Si les femmes savaient le mal que peut faire leur infidélité !… Cela ne suffirait probablement pas à rendre fidèle une Mme Destrier. Le jeune Robert a rencontré, dans le salon des Sandral, cette dame élégante et parfumée. Fatale rencontre ! Mme Destrier sera le mauvais ange de cet enfant, comme Mme Sandral en est l’ange gardien ; mais on sait combien la tâche du bon ange est plus difficile que l’autre ! Le jour où Robert, pour qui Mme Destrier a eu un caprice, reçoit son congé de sa maîtresse qu’il assomme, c’est un effondrement. Cette première déception d’amour le mène aux amours faciles. Faciles, sans doute, mais dispendieuses, ces amours lui créent des besoins d’argent, auxquels ne suffisent pas les appointemens d’un modeste secrétaire. Pour se procurer des ressources, il se prépare à livrer à un concurrent le secret d’une invention sur laquelle M. Sandral échafaude de grands projets.
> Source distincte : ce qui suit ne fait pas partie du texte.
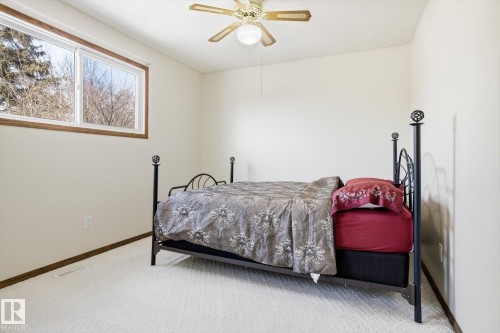 Bedroom featuring light colored carpet and a ceiling fan - 83 Bellevue Crescent, St. Albert, AB - Indoor Photo Showing Bedroom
Fortement soupçonné par celui-ci, il va être « exécuté, » lorsque la patronne intervient ; elle trouve pour parler au jeune homme des accens qui l’émeuvent ; elle obtient de lui des aveux complets, un entier repentir. Robert va repartir en province ; il y prendra un bain d’honnêteté ; il reviendra régénéré… N’en doutons pas ! Mais tout de même, si nous avons besoin d’un secrétaire, choisissons-en un autre.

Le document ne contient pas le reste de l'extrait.